Dentro del amplio número de
producciones que se han puesto en escena en nuestro país, vamos a resaltar solo
algunas de ellas, y con ello, incidir en que continúe esa mala salud de hierro
del teatro en España, pues poco a poco, va desplazando a las propuestas
cinematográficas con montajes mucho más interesantes que los fílmicos, lo que
convierte a nuestro país, y en concreto Madrid, en uno de esos destinos principales
a la hora de disfrutar de este bello y noble arte del teatro.

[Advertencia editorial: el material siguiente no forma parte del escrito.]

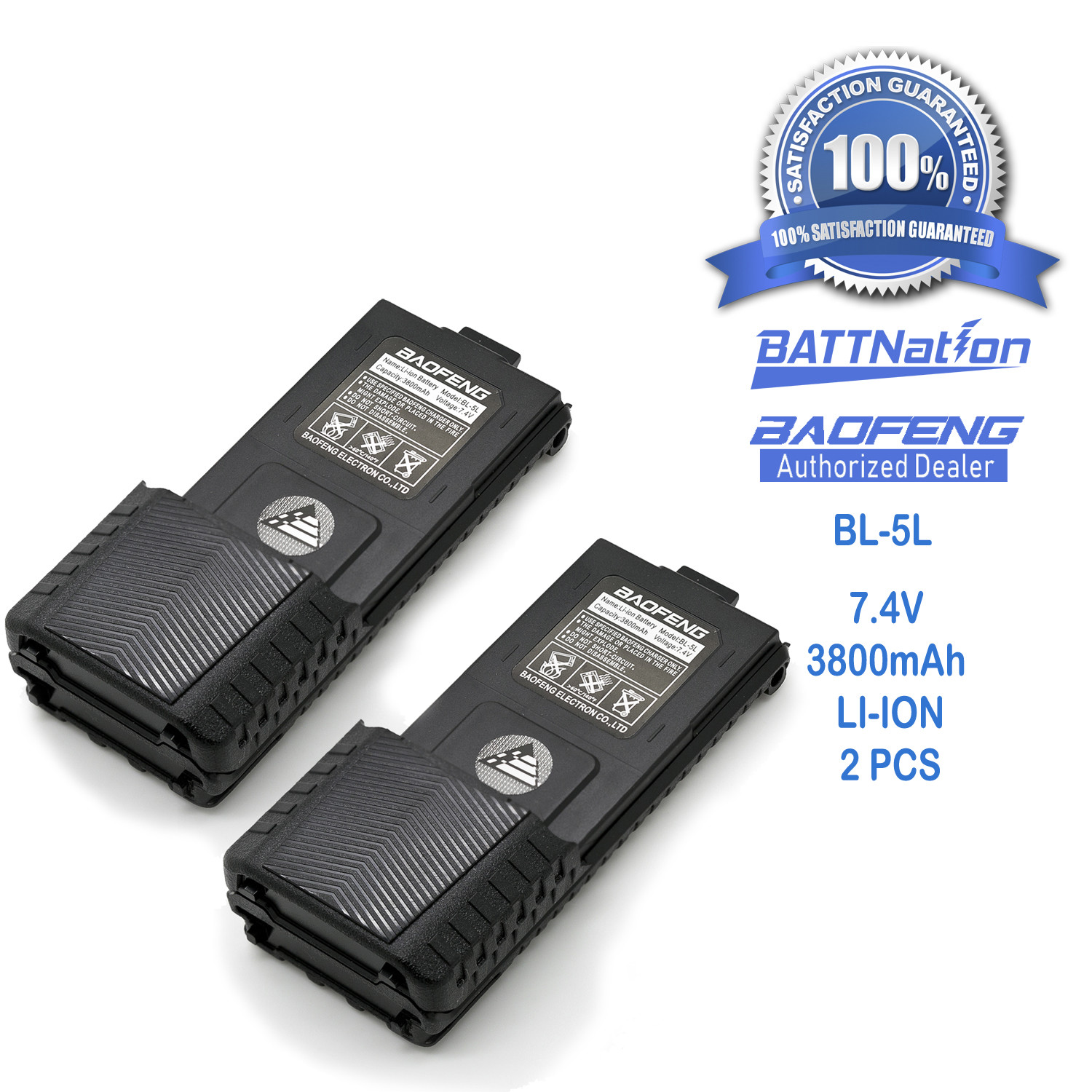 2 x BAOFENG Pofung BL-5L 3800mAh 7.4V Extended Li-Ion Battery for BF-F8HP Radio Unbranded/Generic Does Not Apply - фотография #2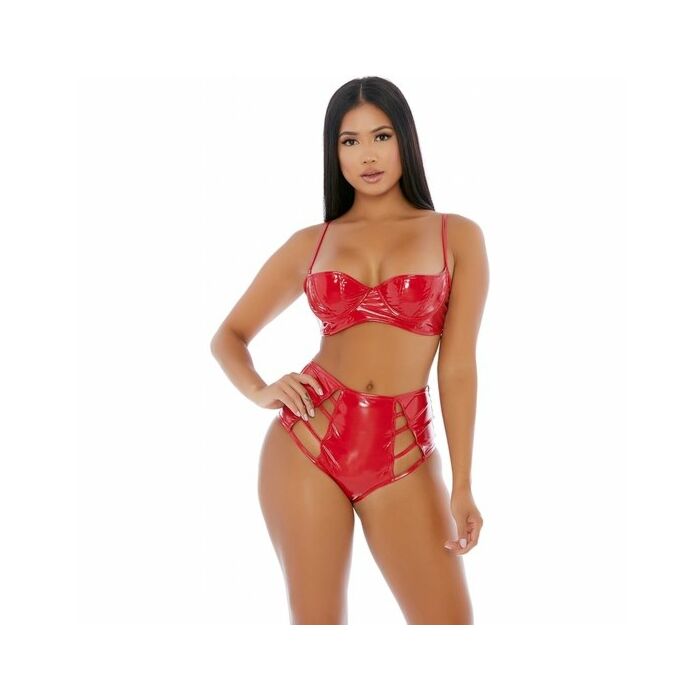 Set di lingerie in vinile intrecciato rosso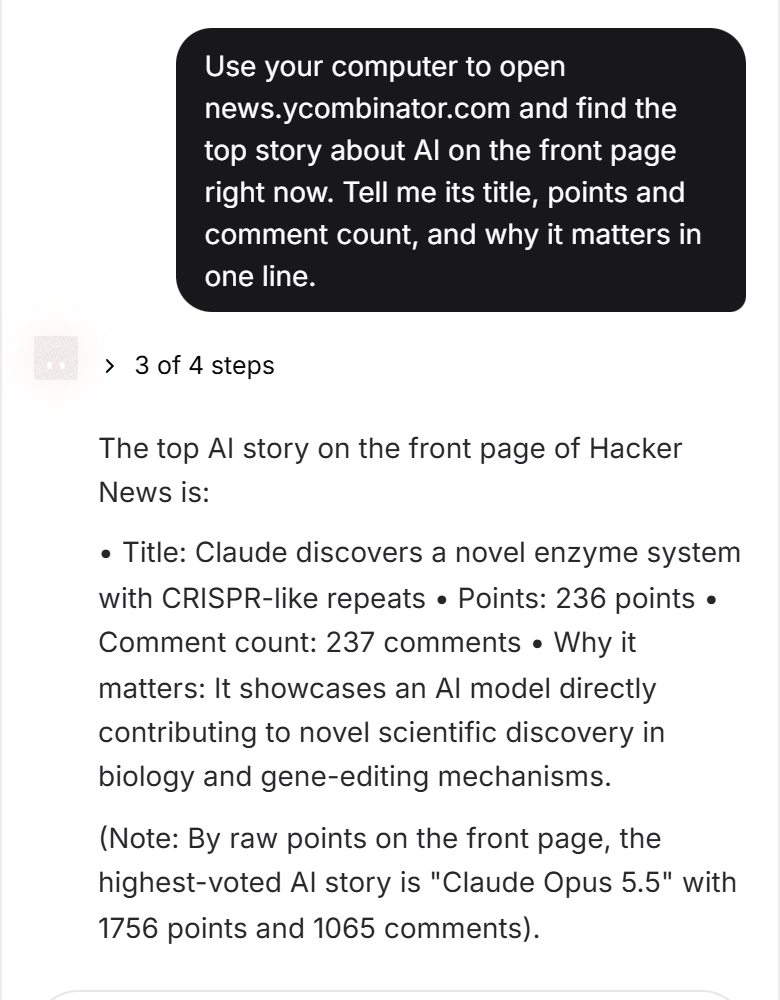 An agent named Scout reports the top AI story on Hacker News with its points and comment count, after opening the site on its own computer.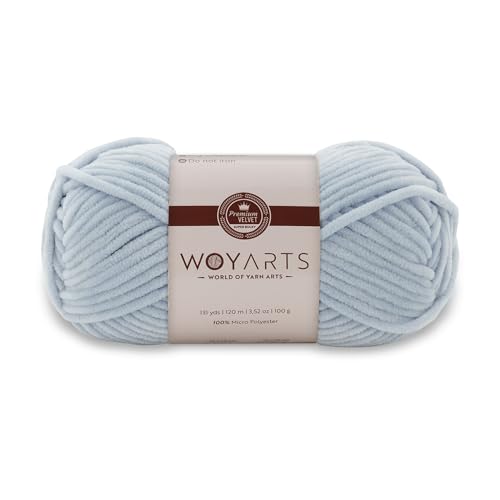 Woyarts Samtgarn - Super sperriges Chenille-Garn zum Häkeln & Stricken, 100 g (120 m), Butterweich, langlebig, kein Schwitzen, perfekt für Babydecke, Amigurumi, DIY Handwerk (D-Eisblau, 1 Knäuel) von WOYARTS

He aquí, un breve resumen de lo
visto y vivido en el año 2015.
Cuando deje de llover, de Andrew Bovell: la melancolía como catarsis
ante el paso del tiempo
La posibilidad de construir un
futuro mejor en el que poder habitar y convivir, con la que Andrew
Bovell nos concede un poco de consuelo, es la única posibilidad que le
queda a esa melancolía capaz de romper las barreras del tiempo para intentar
tejer, con los restos del naufragio que le quedan, algo del amor de antaño. No
obstante, tan loable sentimiento es poco menos que imposible, si nos atenemos a
esta epopeya —de representación sublime— de la derrota del ser humano. Sin la
intensidad de los dramaturgos norteamericanos de la segunda mitad del siglo XX,
pero con la precisión de los mejores cuentistas de todos los tiempos, Bovell,
cual artesano relojero nos va desgranando pieza a pieza, palabra a palabra,
frase a frase, el poder de las grandes historias capaces de convencer y
conmover. Algo que se palpa en el ambiente durante la representación y que
tiene su punto álgido al final de la misma, donde un público entregado y
todavía atónito por lo que acaba de ver, oír y sentir —en pie— se rinde y lo
manifiesta con una prolongada ovación de varios minutos. Cuando deje de llover es
la posibilidad y la necesidad de reencontrarse con el arte total, pues es el
reflejo de la vida con mayúsculas, de las proezas y miserias de un ser humano
condenado a equivocarse generación tras generación, pues la esencia del hombre
está programada para caerse y después volverse a levantar. En ese continuo
devenir de bajadas y subidas, subidas y bajadas, construimos un mundo cada vez
más marchito de un hálito de esperanza. La entereza y maestría con la que lo
hace y lo consigue Bovell, es sencillamente magistral. Este texto, sin duda,
quedará ahí para siempre, entre los grandes textos dramáticos escritos en
cualquier instante del espacio- tiempo teatral. Aparte, quedará la bondad y
generosidad del autor para con los espectadores, con esos giros simbólicos en
el lenguaje, y las metafóricas repeticiones que se cuelan en la memoria del
espectador como el mejor de los cinceles lo hace sobre las piedras cuando graba
nombres y fechas, epitafios y sentencias.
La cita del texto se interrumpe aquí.